» The data:

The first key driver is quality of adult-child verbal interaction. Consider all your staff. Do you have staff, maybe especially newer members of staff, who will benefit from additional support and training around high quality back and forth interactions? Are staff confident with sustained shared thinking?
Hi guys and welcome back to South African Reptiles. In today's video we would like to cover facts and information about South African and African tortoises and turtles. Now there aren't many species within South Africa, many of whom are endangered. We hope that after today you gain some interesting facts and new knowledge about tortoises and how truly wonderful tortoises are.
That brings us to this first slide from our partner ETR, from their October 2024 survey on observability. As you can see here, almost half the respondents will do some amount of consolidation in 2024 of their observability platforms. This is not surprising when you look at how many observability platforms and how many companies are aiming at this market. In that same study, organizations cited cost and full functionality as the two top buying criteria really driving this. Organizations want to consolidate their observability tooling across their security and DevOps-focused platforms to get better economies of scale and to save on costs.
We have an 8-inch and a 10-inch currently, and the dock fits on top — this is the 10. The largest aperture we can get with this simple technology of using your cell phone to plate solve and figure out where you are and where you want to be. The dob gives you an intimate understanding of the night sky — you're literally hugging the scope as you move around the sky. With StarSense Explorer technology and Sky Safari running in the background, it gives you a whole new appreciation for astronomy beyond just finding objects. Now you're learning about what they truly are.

--

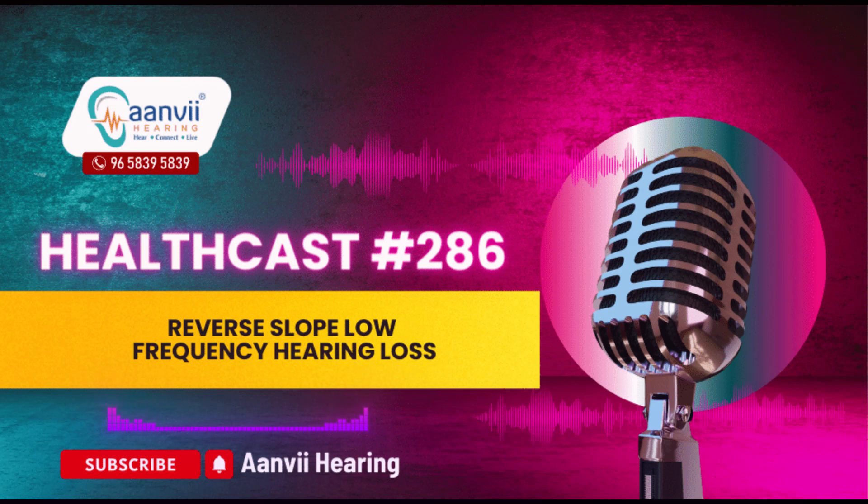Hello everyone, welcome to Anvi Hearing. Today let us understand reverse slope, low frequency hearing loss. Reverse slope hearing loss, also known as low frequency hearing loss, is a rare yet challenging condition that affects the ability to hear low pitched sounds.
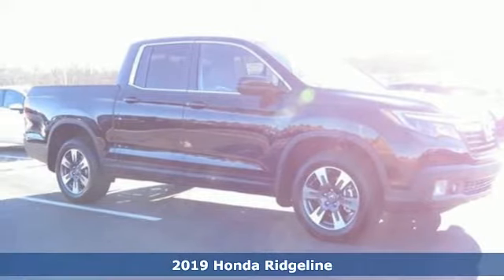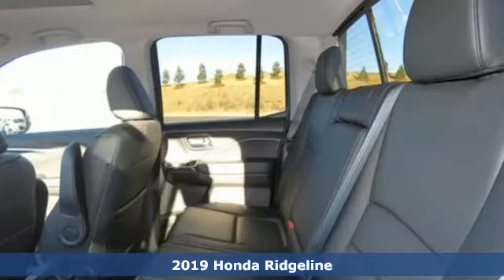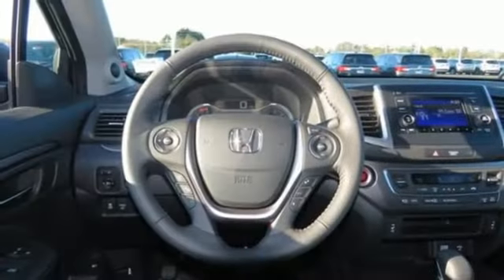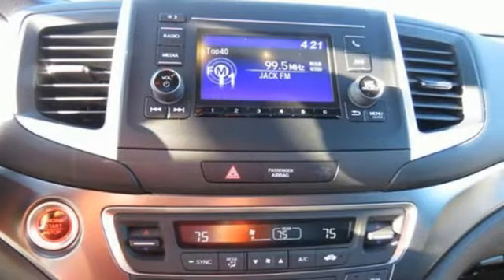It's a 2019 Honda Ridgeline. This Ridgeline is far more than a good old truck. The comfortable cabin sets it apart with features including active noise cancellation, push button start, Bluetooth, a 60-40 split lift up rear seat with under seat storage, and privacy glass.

* * *

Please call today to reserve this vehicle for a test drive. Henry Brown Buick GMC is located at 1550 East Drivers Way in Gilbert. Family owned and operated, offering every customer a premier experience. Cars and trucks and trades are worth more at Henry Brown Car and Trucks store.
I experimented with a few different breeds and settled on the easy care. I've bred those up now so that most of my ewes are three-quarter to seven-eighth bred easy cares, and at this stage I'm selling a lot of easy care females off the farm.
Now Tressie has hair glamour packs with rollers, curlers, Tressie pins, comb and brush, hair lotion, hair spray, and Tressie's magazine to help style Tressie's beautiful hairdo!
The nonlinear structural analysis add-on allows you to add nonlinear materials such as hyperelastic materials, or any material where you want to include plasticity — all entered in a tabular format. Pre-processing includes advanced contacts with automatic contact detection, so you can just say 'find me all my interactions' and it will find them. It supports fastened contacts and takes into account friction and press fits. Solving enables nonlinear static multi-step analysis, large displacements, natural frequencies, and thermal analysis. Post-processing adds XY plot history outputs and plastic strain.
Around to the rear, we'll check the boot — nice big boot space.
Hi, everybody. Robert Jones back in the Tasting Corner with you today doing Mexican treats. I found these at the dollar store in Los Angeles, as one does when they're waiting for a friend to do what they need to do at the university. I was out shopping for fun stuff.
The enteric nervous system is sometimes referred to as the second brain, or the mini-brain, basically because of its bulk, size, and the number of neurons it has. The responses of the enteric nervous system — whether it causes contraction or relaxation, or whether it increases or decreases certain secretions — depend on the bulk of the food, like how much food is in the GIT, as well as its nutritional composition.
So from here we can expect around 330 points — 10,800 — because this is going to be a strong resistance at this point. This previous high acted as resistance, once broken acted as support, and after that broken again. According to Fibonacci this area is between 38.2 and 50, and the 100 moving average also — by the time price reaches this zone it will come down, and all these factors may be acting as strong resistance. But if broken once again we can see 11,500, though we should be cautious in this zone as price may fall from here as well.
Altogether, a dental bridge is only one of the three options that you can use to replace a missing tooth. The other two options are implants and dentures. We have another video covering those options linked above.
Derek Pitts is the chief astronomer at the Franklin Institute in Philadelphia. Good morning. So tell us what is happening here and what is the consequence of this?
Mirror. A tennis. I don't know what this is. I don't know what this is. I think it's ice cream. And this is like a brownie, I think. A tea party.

» Work item: Write out, from the lines above, only those from the line with "The first key" to the line with "Hi guys and", exactly as given, including the first and the last.

» Answer section:
The first key driver is quality of adult-child verbal interaction. Consider all your staff. Do you have staff, maybe especially newer members of staff, who will benefit from additional support and training around high quality back and forth interactions? Are staff confident with sustained shared thinking?
Hi guys and welcome back to South African Reptiles. In today's video we would like to cover facts and information about South African and African tortoises and turtles. Now there aren't many species within South Africa, many of whom are endangered. We hope that after today you gain some interesting facts and new knowledge about tortoises and how truly wonderful tortoises are.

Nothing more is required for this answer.